# Infinispan VectorStore: Similarity search demo 2

This demo shows how to run similarity search on a set of random sentences. Content
is stored in a separated cache and referenced in the vector cache via key id.

In [None]:
# Start Infinispan in a container

!docker run -d --name infinispanvs-demo -v $(pwd):/user-config  -p 11222:11222 infinispan/server:15.0.0.Dev09 -c /user-config/infinispan.yaml 

In [None]:
# Ensure that all we need is installed
# You may want to skip this 
%pip install sentence-transformers
%pip install langchain
%pip install langchain_core
%pip install langchain_community

In [None]:
# Import HuggingFace language model

from langchain_core.embeddings import Embeddings
from langchain.embeddings import HuggingFaceEmbeddings

model_name = "sentence-transformers/all-MiniLM-L12-v2"

hf = HuggingFaceEmbeddings(model_name=model_name)

In [None]:
# Creating an empty langchain_core.VectorStore
# InfinispanVS is instantiated with custom options
# `textfield` : which cache field must be reported as Document.page_content
# `vectorfield` : which cache field contains the embedded vector
# `cache_name` : name of the cache for vectors
# `entity_name` : name of the protobuf message containing vectors

from infinispan_vector import InfinispanVS
ispnvs = InfinispanVS.from_texts(texts={}, embedding=hf,
                                 textfield="_key",vectorfield="floatVector",
                                 cache_name="sentence_demo_cache",
                                 entity_name="sentence_demo_vec")

In [None]:
# Create the protobuf schema for vector
# Note the additional comments in the proto schema:
# `@Indexed` : a search index will be built for this entity
# `@Vector` : next field the vector field

import json
schema_vector = '''
/**
 * @Indexed
 */
message sentence_demo_vec {
/**
 * @Vector(dimension=384)
 */
repeated float floatVector = 1;
optional int32 _key = 2;
}
'''
output = ispnvs.schema_delete()
output = ispnvs.schema_create(schema_vector)
print(output.text)
assert output.status_code == 200
assert json.loads(output.text)["error"] == None

In [None]:
# Create the protobuf schema for content.

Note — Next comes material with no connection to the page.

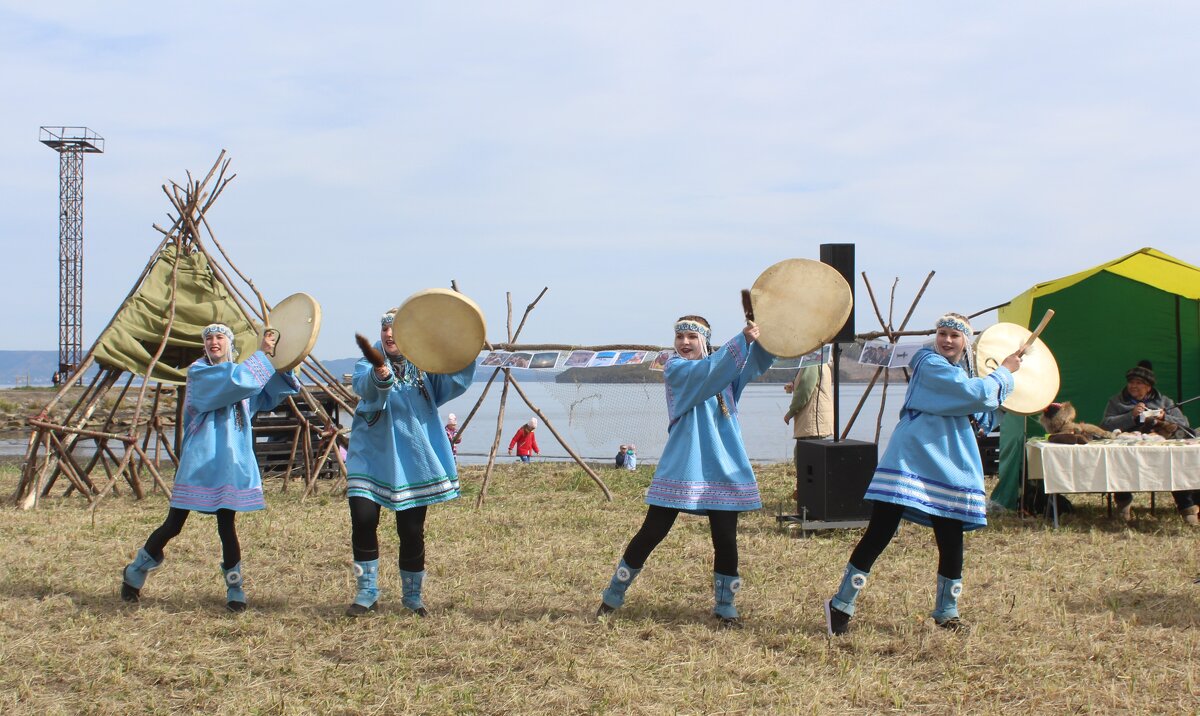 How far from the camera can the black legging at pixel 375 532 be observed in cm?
461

Since this is not the cache
# containing the VectorStore db, we need to use the inner Infinispan helper
# class to do the job.
schema = '''
message sentence {
optional string title = 1;
optional string description = 2;
}
'''
output = ispnvs.ispn.schema_delete("sentence.proto")
output = ispnvs.ispn.schema_post("sentence.proto",schema)
print(output.text)
assert output.status_code == 200
assert json.loads(output.text)["error"] == None

In [None]:
# Creating an Infinispan cache to store vectors

ispnvs.cache_create()
ispnvs.cache_clear()
ispnvs.cache_index_reindex()

In [None]:
# Creating an Infinispan cache to store content
# again inner Infinispan class is used
cache_def = '''
{
  "distributed-cache": {
    "owners": "2",
    "mode": "SYNC",
    "statistics": true,
    "encoding": {
      "media-type": "application/x-protostream"
    }
  }
}
'''
ispnvs.ispn.cache_post("sentence",cache_def)
ispnvs.ispn.cache_clear("sentence")

In [None]:
# Adding some data from rnd_sentences.txt
# Vector and _key (content id) are stored in the vector db
# actual content is store in the `sentence` cache
import csv, time, gzip
with gzip.open('rnd_sentences.txt.gz', 'rt', newline='') as f:
    line = f.readline()
    i=0
    texts = []
    metas = []
    embeds = []
    while line:
        # Storing content
        doc={}
        doc["_type"]="sentence"
        doc["title"]=str(i)
        doc["description"]=line
        res = ispnvs.ispn.put(str(i), json.dumps(doc), cache_name="sentence")
        texts.append(line)
        # Storing meta
        meta={}
        meta["_key"]=str(i)
        metas.append(meta)
        i=i+1
# Change this to change the number of sentences you want to load
        if (i > 5000):
            break
        line = f.readline()

In [None]:
# add texts and fill vector db
keys = ispnvs.add_texts(texts, metas)

In [None]:
# Some demo queries
# query_res is a list of Document: page_content will contain the key
# to access the actual content in the `sentence` cache
query_res = ispnvs.similarity_search("I want to have fun this night",2)
for res in query_res:
    print(ispnvs.ispn.get(res.page_content, "sentence").text)

In [None]:
query_res = ispnvs.similarity_search("Leafs are falling from the trees in the park",5)
for res in query_res:
    print(ispnvs.ispn.get(res.page_content, "sentence").text)

In [None]:
query_res = ispnvs.similarity_search("I'm getting hungry",2)
for res in query_res:
    print(ispnvs.ispn.get(res.page_content, "sentence").text)

In [None]:
query_res = ispnvs.similarity_search("I feel like a bird in a cage",2)
for res in query_res:
    print(ispnvs.ispn.get(res.page_content, "sentence").text)

In [None]:
query_res = ispnvs.similarity_search("People are strange, when you are stranger",2)
for res in query_res:
    print(ispnvs.ispn.get(res.page_content, "sentence").text)

In [None]:
query_res = ispnvs.similarity_search("As we know, time is relative",2)
for res in query_res:
    print(ispnvs.ispn.get(res.page_content, "sentence").text)

In [None]:
# Clean up
ispnvs.cache_delete()
ispnvs.schema_delete()

In [None]:
ispnvs.ispn.cache_delete("sentence")
ispnvs.ispn.schema_delete("sentence.proto")

In [None]:
!docker rm --force infinispanvs-demo